Endocrine Abstracts (2008) 16 OC4.6

Isolation and characterization of cells coexpressing endothelial progenitors and parathyroid specific genes from human adult normal and tumoral parathyroids

Sabrina Corbetta1, Marzia Belicchi2, Federica Pisati2, Mirella Meregalli2, Cristina Eller-Vainicher3, Leonardo Vicentini4, Paolo Beck-Peccoz3 & Anna Spada3


1Endocrinology and Diabetology Unit, Department of Medical-Surgical Sciences, University of Milan, Policlinico S.Donato IRCCS, S.Donato M.se, Milan, Italy; 2Stem Cell Laboratory, Department of Neurological Sciences, Fondazione IRCCS Ospedale Maggiore, Regina Elena e Mangiagalli, Centro Dino Ferrari, University of Milan, Milan, Italy; 3Endocrine Unit, Department of Medical Sciences, University of Milan, Fondazione IRCCS Ospedale Maggiore, Regina Elena e Mangiagalli, Milan, Italy; 4Endocrine Surgery, Fondazione IRCCS Ospedale Maggiore, Regina Elena e Mangiagalli, Milan, Italy.
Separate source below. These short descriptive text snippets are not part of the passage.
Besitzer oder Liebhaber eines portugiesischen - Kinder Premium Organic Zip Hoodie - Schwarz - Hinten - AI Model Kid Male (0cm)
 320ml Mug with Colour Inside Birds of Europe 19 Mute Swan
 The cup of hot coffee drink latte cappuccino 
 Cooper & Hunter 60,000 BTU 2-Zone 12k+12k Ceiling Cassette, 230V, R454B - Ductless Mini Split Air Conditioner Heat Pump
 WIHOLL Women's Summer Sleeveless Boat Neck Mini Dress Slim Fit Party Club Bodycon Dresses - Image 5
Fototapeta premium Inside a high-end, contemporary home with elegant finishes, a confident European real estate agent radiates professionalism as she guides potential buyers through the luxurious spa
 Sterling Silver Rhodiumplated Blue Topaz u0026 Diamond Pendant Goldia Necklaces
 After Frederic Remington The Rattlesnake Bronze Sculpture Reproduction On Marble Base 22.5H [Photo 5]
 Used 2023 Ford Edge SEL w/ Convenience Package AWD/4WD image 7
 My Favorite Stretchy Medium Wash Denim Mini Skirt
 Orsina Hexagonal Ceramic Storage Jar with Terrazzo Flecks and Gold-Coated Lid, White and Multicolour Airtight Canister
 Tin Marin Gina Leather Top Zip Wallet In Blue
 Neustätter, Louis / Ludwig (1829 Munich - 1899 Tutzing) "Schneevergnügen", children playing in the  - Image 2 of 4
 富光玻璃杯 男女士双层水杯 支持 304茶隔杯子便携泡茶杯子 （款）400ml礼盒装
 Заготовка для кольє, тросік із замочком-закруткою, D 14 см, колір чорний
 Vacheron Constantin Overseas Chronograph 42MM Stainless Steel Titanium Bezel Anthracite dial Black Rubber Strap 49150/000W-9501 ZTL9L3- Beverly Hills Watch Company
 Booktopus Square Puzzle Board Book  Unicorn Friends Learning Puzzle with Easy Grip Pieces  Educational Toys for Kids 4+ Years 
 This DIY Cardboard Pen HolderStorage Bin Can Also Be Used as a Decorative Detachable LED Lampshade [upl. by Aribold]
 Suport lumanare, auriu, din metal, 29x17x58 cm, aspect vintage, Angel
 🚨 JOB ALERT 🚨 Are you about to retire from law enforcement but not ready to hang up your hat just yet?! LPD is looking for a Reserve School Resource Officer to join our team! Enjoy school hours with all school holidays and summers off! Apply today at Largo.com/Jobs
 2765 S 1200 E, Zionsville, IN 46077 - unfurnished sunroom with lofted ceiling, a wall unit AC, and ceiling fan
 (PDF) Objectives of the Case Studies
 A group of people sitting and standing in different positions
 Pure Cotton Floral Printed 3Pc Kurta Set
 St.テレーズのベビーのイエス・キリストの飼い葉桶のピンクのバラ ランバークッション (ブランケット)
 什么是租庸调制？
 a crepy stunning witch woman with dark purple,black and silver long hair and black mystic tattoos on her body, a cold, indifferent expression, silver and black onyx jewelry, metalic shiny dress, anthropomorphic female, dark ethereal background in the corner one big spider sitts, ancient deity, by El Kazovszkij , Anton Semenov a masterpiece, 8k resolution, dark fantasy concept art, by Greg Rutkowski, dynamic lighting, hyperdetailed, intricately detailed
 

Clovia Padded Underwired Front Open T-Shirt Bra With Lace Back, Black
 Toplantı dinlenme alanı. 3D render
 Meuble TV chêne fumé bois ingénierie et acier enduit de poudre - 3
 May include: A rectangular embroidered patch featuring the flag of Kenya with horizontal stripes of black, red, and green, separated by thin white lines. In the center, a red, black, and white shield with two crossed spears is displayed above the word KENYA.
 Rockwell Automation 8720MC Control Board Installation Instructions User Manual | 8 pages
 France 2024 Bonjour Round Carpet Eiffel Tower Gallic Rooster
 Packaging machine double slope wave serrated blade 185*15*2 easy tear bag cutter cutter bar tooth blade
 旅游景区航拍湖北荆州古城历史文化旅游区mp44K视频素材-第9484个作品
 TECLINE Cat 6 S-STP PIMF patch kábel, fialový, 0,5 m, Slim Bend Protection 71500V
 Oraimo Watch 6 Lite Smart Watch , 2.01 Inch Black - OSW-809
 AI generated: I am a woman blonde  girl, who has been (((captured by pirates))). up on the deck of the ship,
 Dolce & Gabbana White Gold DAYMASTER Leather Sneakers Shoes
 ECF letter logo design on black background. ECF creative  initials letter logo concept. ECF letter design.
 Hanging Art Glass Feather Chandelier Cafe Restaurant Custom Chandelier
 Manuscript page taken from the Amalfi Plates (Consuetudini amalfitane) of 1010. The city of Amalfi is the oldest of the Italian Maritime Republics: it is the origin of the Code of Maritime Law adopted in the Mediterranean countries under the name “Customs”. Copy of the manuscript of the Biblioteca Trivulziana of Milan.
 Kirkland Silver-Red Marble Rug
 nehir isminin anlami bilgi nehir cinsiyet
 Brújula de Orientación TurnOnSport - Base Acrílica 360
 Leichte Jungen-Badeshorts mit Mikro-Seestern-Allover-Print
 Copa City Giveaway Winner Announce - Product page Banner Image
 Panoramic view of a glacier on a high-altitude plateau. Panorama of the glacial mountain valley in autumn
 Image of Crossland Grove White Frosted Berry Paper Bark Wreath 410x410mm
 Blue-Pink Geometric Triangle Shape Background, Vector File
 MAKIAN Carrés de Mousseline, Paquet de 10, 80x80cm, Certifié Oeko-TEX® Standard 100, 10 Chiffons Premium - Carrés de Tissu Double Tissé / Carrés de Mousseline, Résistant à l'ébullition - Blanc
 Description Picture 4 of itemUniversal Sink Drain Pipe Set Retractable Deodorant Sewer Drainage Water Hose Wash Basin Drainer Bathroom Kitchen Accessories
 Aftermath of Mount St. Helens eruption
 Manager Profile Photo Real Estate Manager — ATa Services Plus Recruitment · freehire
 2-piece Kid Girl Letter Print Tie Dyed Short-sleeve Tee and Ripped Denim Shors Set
A peculiar characteristic of parathyroid tissue is the ability to spontaneously induce angiogenesis, to proliferate and to secrete PTH when autotransplanted in patients undergoing total parathyroidectomy. Since stem/progenitor cells have been involved in the process of tissue regeneration, we searched for putative parathyroid progenitors from human normal and tumoral parathyroids. By immunohistochemistry, FACS analysis and cell culture we identified parathyroid cells positive for the haematopoietic/endothelial marker CD34 which expressed surface antigens typical of endothelial progenitors, such as CD146 and CXCR4, but not the haematopoietic and mesenchymal markers, such as CD45, Thy-1/CD90, CD105 and CD117/c-kit. These cells were more abundant in tumoral than in normal parathyroids (4.4±1.2 and 2.2±0.9% respectively; P=0.05), without any difference in their immunophenotype except for the expression of nestin, a neural stem cell specific marker, which was almost exclusively restricted to the tumor-derived CD34+ population. Purified CD34+ cells, but not CD34 cells, proliferated, although at a low rate, and differentiated into mature endothelial cells. Finally, parathyroid specific markers, such as glial cell missing B, PTH and calcium sensing receptor, were detected at mRNA and/or protein level in a subset of CD34+ cells. In conclusion, we identified cells which expressed both endothelial and parathyroid specific markers in human adult normal and tumoral parathyroids, providing a candidate for the putative parathyroid progenitors. Further studies are need to demonstrate the potential differentiation in multiple lineages and the self-renewal ability of these cells.